PROMPT:
Lines from the top of the listing down to the one with "3CZRU5H32HG700028 2017 2017 Honda HR-V- LX 2", inclusive, are to be copied exactly.

MATERIAL PROVIDED:
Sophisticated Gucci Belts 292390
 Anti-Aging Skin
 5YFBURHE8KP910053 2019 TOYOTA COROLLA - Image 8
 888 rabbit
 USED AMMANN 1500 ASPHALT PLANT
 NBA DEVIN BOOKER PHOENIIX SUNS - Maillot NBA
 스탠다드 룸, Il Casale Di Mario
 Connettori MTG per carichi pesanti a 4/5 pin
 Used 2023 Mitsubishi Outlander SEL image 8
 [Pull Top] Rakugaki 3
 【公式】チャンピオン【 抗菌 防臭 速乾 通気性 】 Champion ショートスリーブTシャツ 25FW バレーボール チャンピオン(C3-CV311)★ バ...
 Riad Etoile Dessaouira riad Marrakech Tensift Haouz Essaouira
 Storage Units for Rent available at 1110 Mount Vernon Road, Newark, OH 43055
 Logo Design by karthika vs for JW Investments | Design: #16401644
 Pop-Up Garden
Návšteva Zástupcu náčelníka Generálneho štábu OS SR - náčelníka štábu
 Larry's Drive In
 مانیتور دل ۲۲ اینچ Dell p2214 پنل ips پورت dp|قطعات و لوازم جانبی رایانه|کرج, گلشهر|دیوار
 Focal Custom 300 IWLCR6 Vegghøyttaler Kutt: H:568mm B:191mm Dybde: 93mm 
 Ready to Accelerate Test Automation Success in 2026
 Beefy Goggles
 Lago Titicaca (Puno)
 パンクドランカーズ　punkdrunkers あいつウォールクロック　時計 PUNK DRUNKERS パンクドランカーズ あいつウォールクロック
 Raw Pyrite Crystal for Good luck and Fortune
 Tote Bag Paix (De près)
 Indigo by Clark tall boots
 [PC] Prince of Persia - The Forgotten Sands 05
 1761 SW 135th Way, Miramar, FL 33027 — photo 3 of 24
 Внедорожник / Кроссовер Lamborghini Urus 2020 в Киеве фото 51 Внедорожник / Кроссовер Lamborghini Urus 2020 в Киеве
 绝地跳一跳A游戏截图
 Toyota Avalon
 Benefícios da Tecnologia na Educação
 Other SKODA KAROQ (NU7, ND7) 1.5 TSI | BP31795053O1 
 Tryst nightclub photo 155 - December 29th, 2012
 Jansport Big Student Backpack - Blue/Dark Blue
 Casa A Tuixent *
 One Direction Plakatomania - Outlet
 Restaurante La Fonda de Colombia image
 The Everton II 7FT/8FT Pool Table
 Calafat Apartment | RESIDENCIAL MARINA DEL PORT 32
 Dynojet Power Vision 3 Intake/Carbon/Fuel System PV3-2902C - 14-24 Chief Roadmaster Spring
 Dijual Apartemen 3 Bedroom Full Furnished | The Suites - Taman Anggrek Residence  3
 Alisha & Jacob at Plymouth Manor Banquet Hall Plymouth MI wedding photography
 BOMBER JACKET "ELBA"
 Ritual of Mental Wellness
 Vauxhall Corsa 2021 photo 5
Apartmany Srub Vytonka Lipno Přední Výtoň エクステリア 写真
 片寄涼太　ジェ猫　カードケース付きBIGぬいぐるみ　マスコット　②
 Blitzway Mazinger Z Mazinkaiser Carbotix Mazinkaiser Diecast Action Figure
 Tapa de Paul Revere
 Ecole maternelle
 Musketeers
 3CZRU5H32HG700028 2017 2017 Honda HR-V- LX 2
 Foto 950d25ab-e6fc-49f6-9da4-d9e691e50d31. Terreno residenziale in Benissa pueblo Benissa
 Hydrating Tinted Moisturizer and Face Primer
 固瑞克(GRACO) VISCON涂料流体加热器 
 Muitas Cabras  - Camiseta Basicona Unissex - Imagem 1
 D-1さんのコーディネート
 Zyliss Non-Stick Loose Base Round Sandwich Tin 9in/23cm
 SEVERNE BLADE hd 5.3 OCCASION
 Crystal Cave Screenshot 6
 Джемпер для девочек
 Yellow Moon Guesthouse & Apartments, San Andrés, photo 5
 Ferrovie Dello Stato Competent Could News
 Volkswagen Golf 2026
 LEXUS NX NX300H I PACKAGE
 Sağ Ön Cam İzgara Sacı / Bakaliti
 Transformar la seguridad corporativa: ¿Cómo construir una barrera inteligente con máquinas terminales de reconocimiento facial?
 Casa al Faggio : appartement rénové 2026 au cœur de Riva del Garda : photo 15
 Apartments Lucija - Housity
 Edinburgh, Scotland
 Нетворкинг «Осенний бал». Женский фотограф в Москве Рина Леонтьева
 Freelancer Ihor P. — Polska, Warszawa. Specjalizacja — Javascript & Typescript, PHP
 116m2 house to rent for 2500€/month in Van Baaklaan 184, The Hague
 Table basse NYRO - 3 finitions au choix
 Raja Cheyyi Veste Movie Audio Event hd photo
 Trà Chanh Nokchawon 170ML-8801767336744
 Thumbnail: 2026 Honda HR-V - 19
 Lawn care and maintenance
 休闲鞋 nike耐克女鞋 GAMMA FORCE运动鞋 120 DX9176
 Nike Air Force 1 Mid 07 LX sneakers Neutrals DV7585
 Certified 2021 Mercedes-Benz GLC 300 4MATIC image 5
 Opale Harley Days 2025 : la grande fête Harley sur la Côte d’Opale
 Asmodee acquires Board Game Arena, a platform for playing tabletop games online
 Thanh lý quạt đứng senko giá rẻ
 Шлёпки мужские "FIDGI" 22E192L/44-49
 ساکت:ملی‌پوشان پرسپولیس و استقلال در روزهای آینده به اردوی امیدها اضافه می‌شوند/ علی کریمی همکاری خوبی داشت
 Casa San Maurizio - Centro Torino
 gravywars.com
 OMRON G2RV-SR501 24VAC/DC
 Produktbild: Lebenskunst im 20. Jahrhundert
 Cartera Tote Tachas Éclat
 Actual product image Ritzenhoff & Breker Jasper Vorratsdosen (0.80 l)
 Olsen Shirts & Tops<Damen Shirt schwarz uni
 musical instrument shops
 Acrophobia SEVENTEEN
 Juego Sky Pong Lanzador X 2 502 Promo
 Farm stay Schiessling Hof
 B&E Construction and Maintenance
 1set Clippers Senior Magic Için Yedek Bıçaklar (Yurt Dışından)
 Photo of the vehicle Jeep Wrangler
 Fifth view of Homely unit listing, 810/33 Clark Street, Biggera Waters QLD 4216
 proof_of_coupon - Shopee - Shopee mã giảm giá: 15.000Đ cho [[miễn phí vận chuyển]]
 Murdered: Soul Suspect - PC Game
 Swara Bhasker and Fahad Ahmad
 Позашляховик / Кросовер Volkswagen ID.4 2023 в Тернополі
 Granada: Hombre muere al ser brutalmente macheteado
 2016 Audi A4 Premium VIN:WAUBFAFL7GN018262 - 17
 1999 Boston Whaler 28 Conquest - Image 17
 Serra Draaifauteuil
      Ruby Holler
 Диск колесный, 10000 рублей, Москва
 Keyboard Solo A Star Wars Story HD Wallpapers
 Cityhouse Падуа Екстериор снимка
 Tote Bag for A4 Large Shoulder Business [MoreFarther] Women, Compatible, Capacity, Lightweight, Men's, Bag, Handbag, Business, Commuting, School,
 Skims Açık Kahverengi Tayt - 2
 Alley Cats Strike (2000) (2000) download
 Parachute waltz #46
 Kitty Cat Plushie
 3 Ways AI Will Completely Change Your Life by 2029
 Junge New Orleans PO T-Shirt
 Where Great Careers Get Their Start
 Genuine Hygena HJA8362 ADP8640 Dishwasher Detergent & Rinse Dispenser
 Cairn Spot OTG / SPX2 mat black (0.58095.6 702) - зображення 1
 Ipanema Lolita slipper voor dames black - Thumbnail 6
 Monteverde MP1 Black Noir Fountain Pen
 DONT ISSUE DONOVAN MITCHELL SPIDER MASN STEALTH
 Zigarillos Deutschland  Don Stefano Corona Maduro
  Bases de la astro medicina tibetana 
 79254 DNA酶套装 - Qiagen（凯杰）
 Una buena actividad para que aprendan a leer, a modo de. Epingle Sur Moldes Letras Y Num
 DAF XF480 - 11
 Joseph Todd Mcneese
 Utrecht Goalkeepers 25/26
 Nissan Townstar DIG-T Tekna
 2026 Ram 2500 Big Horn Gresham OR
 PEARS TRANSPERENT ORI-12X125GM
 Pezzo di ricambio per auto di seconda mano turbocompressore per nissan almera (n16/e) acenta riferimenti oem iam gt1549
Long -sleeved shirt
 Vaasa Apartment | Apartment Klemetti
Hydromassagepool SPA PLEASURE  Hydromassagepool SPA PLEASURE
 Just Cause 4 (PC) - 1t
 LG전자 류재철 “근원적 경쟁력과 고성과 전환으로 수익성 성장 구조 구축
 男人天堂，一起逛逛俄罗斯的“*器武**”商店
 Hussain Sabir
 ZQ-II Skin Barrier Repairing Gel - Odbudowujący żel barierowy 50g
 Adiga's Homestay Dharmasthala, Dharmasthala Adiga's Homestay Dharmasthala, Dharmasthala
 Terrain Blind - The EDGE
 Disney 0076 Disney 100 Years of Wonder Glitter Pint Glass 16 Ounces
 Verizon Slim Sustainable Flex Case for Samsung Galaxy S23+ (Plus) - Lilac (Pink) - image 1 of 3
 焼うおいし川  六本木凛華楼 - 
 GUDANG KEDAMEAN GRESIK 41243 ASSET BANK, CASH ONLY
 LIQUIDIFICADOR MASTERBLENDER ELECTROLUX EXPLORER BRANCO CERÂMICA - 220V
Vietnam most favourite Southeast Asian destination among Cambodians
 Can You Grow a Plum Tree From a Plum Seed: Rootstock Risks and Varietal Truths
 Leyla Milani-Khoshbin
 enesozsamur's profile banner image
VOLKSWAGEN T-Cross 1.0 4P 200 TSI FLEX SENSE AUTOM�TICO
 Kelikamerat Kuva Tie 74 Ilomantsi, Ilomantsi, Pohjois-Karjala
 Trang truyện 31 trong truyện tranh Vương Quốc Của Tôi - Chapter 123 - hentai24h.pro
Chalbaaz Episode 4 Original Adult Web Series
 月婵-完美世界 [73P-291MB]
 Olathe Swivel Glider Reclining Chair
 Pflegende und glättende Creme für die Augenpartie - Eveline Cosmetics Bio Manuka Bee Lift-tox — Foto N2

YOUR RESPONSE:
Sophisticated Gucci Belts 292390
 Anti-Aging Skin
 5YFBURHE8KP910053 2019 TOYOTA COROLLA - Image 8
 888 rabbit
 USED AMMANN 1500 ASPHALT PLANT
 NBA DEVIN BOOKER PHOENIIX SUNS - Maillot NBA
 스탠다드 룸, Il Casale Di Mario
 Connettori MTG per carichi pesanti a 4/5 pin
 Used 2023 Mitsubishi Outlander SEL image 8
 [Pull Top] Rakugaki 3
 【公式】チャンピオン【 抗菌 防臭 速乾 通気性 】 Champion ショートスリーブTシャツ 25FW バレーボール チャンピオン(C3-CV311)★ バ...
 Riad Etoile Dessaouira riad Marrakech Tensift Haouz Essaouira
 Storage Units for Rent available at 1110 Mount Vernon Road, Newark, OH 43055
 Logo Design by karthika vs for JW Investments | Design: #16401644
 Pop-Up Garden
Návšteva Zástupcu náčelníka Generálneho štábu OS SR - náčelníka štábu
 Larry's Drive In
 مانیتور دل ۲۲ اینچ Dell p2214 پنل ips پورت dp|قطعات و لوازم جانبی رایانه|کرج, گلشهر|دیوار
 Focal Custom 300 IWLCR6 Vegghøyttaler Kutt: H:568mm B:191mm Dybde: 93mm 
 Ready to Accelerate Test Automation Success in 2026
 Beefy Goggles
 Lago Titicaca (Puno)
 パンクドランカーズ　punkdrunkers あいつウォールクロック　時計 PUNK DRUNKERS パンクドランカーズ あいつウォールクロック
 Raw Pyrite Crystal for Good luck and Fortune
 Tote Bag Paix (De près)
 Indigo by Clark tall boots
 [PC] Prince of Persia - The Forgotten Sands 05
 1761 SW 135th Way, Miramar, FL 33027 — photo 3 of 24
 Внедорожник / Кроссовер Lamborghini Urus 2020 в Киеве фото 51 Внедорожник / Кроссовер Lamborghini Urus 2020 в Киеве
 绝地跳一跳A游戏截图
 Toyota Avalon
 Benefícios da Tecnologia na Educação
 Other SKODA KAROQ (NU7, ND7) 1.5 TSI | BP31795053O1 
 Tryst nightclub photo 155 - December 29th, 2012
 Jansport Big Student Backpack - Blue/Dark Blue
 Casa A Tuixent *
 One Direction Plakatomania - Outlet
 Restaurante La Fonda de Colombia image
 The Everton II 7FT/8FT Pool Table
 Calafat Apartment | RESIDENCIAL MARINA DEL PORT 32
 Dynojet Power Vision 3 Intake/Carbon/Fuel System PV3-2902C - 14-24 Chief Roadmaster Spring
 Dijual Apartemen 3 Bedroom Full Furnished | The Suites - Taman Anggrek Residence  3
 Alisha & Jacob at Plymouth Manor Banquet Hall Plymouth MI wedding photography
 BOMBER JACKET "ELBA"
 Ritual of Mental Wellness
 Vauxhall Corsa 2021 photo 5
Apartmany Srub Vytonka Lipno Přední Výtoň エクステリア 写真
 片寄涼太　ジェ猫　カードケース付きBIGぬいぐるみ　マスコット　②
 Blitzway Mazinger Z Mazinkaiser Carbotix Mazinkaiser Diecast Action Figure
 Tapa de Paul Revere
 Ecole maternelle
 Musketeers
 3CZRU5H32HG700028 2017 2017 Honda HR-V- LX 2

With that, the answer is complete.